I hated my job, but I was good at it, going to Presidents Club several times, becoming a mentor to others and doing all of the other things to play the game. When I entrusted a colleague with my reality, they always looked shocked and would reply, “You are the most confident guy I know.” “I know,” I would reply, “It is all just a kabuki show, I have just painted my mask with more paint.”
The focus I spoke of in the bar in Park City is real. I drove over Deadwood Reservoir from Cascade, Idaho to fish a small stream that feeds the Middle-Fork of the Salmon. I stood at the confluence of two streams, threading tippet into the tiny loop of a small post on a size 18 elk hair caddis. It helped that I had readers on, but the focus and clarity I had for the task at hand was exacting and perfect. I saw a juvenile bald eagle fly over-head. In my left ear I heard a meadowlark and in my right, the far-off chortle of Sand Hill Cranes. I had no cell coverage so no emails, no texts or reminders, no bills or dings or rings or pings. There were no bosses and no expectations.
It was snowing when I took the call. I pulled over by the refinery in Commerce City. A flame shot up into the pewter sky as I stopped the car next to a giant tank. "Please hold for the Vice President of Human Resources.“ "Oh- I am getting fired,“ I thought. I took it like a man and wished them well. I went home and drank margaritas and cried big heaving sobbing cries. Not because I was sad, because I was elated. I cried because I had wasted 15 years of my life being something other than what I really was.
I was adrift. My wife told me to go do something that would clear my mind. I went to Costa Rica and drove around surfing and drinking. One day I sat on a beach and thought about the mechanics of swallowing water to drown but didn’t think I had the balls to do it so I went home to Colorado.
I had injured my back and in a haze of Vicodin, muscle relaxers and red wine I had what some may call a moment of clarity, a divine intervention, or an epiphany. I refer to it as the moment my life changed forever. A dart hit me squarely in the forehead. Do what you love. It is oft parsed wisdom, but it is true. I saw a Mathew McConoughey talk where he said, “Do the work you love and focus on the thing, don’t worry about accolades or money. That will come.” Like, flyfishing, focus on the thing right in front of you and keep casting, get better, learn, but keep casting. Do you love it? Are you in love with it? Then keep casting.

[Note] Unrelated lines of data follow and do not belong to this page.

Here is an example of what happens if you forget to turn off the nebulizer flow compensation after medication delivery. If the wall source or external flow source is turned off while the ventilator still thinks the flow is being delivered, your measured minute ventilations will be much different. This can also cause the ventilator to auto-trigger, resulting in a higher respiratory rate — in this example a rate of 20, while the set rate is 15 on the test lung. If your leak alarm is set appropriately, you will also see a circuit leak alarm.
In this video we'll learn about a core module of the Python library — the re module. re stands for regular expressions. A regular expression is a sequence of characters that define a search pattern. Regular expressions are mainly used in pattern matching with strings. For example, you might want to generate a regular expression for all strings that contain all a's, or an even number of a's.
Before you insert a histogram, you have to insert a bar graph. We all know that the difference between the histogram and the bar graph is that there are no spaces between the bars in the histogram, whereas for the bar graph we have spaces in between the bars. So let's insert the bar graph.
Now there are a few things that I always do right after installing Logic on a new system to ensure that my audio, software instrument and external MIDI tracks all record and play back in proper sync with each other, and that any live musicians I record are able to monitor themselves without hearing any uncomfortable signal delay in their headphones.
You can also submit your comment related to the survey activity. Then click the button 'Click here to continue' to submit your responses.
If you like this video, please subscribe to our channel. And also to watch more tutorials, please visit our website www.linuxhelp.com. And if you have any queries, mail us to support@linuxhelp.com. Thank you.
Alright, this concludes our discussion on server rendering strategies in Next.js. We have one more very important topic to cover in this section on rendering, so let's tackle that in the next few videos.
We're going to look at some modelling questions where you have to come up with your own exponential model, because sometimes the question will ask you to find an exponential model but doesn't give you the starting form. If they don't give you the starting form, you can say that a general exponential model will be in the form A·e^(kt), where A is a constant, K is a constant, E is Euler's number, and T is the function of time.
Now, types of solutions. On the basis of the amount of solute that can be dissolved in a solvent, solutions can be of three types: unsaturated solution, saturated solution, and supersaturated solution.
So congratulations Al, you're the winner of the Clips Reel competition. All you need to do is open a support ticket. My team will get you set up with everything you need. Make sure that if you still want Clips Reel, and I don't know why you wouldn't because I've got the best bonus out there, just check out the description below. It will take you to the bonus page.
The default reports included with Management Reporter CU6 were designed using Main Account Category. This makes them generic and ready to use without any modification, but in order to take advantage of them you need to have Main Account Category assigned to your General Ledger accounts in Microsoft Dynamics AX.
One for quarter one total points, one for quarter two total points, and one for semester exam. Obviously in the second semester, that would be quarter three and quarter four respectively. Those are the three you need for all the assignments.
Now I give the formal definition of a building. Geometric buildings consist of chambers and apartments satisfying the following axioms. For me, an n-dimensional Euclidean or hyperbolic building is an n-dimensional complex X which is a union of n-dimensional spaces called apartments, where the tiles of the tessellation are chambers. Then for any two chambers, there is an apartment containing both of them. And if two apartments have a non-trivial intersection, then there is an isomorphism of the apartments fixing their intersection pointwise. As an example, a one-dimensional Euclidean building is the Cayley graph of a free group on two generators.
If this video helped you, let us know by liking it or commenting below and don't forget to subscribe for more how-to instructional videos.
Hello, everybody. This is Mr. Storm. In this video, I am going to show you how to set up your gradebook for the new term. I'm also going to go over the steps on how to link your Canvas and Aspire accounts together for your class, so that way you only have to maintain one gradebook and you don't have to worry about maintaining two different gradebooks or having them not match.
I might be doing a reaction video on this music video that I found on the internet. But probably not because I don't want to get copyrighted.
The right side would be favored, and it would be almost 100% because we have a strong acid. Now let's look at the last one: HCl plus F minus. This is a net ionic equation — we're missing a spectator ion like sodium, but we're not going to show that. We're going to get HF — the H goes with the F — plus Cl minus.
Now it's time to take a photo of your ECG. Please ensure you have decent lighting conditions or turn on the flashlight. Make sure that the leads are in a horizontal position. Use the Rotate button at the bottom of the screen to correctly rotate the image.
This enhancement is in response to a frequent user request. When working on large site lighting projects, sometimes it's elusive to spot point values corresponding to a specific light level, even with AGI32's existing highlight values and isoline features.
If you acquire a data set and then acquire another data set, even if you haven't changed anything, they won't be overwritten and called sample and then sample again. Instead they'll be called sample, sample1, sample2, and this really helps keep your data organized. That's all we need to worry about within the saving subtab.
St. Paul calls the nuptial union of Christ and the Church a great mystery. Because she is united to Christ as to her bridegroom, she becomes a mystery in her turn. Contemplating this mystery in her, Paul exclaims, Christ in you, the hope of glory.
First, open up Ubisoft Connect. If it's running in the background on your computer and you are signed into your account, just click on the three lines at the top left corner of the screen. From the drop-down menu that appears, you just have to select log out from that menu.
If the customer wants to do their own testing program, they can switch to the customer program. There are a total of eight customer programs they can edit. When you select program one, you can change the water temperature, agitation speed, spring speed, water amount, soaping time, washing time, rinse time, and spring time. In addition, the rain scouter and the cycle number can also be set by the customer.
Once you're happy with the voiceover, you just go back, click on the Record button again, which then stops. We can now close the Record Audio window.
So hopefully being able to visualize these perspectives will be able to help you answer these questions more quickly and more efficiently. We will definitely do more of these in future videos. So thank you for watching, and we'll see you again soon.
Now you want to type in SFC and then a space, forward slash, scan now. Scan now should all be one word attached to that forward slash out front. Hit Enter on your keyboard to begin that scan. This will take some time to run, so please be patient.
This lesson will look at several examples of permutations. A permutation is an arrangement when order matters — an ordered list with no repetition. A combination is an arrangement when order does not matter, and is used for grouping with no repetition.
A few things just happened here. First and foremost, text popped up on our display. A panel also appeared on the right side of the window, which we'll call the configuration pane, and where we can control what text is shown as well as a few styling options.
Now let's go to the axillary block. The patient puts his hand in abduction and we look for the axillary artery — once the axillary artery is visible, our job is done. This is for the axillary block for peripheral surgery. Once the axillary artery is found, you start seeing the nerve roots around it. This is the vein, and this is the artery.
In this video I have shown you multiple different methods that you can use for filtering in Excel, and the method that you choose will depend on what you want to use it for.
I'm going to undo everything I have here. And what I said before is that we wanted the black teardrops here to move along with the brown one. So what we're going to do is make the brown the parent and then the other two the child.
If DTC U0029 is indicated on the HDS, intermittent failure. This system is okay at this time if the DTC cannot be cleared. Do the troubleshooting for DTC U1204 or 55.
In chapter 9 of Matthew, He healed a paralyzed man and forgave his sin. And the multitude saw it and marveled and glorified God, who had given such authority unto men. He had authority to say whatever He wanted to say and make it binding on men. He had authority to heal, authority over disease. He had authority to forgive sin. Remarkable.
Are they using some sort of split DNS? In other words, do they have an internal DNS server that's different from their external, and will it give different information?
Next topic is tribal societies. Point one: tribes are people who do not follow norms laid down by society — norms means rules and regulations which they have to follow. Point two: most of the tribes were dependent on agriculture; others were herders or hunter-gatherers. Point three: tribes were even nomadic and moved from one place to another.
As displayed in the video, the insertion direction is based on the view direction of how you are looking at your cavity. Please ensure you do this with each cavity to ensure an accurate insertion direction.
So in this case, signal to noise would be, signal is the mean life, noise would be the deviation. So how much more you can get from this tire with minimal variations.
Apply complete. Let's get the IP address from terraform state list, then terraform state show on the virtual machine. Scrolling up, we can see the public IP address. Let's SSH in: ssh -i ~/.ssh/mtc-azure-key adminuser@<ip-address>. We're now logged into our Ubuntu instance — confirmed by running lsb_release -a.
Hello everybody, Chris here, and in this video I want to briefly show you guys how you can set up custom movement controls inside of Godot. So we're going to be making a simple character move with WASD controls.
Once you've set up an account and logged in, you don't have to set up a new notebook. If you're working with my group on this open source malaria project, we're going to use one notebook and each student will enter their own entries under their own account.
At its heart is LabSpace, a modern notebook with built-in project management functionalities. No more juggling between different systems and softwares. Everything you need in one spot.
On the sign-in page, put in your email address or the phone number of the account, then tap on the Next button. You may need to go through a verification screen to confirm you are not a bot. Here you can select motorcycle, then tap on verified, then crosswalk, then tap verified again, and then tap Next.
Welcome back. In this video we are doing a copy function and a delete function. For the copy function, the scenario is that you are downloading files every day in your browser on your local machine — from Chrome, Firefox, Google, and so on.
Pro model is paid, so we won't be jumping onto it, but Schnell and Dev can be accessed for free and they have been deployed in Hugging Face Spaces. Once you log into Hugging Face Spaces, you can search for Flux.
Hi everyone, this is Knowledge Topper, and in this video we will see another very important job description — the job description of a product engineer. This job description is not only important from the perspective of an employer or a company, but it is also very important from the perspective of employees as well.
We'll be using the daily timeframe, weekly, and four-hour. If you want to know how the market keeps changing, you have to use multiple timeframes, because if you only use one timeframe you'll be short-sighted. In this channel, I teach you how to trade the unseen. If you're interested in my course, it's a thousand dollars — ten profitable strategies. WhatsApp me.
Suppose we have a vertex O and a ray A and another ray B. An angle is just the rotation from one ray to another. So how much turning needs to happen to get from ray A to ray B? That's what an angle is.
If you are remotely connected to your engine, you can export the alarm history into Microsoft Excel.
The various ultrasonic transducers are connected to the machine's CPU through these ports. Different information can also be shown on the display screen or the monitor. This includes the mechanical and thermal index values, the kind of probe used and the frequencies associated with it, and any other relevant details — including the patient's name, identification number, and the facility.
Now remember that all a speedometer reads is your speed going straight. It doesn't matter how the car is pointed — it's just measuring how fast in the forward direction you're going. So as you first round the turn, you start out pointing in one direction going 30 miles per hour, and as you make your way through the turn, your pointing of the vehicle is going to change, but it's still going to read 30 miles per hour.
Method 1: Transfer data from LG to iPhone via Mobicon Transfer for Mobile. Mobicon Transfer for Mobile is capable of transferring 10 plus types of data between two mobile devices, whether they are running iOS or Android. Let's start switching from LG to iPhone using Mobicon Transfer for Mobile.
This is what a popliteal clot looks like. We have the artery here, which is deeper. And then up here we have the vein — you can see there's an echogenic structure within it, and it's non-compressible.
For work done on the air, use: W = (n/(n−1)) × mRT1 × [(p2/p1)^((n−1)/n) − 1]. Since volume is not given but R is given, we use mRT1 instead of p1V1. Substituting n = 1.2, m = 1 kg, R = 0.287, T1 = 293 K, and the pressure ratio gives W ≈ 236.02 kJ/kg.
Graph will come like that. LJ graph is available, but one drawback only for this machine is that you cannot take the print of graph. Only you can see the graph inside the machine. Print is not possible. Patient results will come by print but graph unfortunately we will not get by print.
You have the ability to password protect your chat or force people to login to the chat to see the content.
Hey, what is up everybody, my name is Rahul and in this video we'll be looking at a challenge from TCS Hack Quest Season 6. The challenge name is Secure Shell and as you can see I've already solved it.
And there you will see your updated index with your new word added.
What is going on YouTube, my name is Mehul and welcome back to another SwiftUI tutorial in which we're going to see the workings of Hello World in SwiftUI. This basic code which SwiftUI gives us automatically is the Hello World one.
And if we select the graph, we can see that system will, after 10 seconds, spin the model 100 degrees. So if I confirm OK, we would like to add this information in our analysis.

I wrote huge notebooks of notes, I started an LLC and created logos. I started a business doing what I love to do. Just like with fly-fishing, I was awful at it. I tore it down to the studs and built it back up over and over. I tried this fly and that fly, tied hopper droppers and nymphed, looked under rocks for insects. And then I got fewer tangles and my cast unfurled like a wave. I caught fish and then more fish and bigger fish of different and more beautiful species and varieties. I became an expert in my field and my brain knew, that I knew that, and so it sent signals to my body to let others know that my vibrations were real and authentic.
Just like flyfishing, I had a lot of knots and tangles with zero fish to show for it….. for long months on months, Then, like just when a wind knot clusters your whole set-up and it is time to pack it in, I hit paydirt. A stream with a honey hole, the right advice, a fly that matches the rise and turns lucky. I started to feel comfortable, and, in that comfort, there was success. I found my honey hole, my fly shop for advice and the right flies. I am catching fish and moreover, I have peace. I have not felt the dark train of anxiety’s rumble in years. I am, for once, calm and comfortable. I am just keeping it between 10 and 2…. 10 and 2.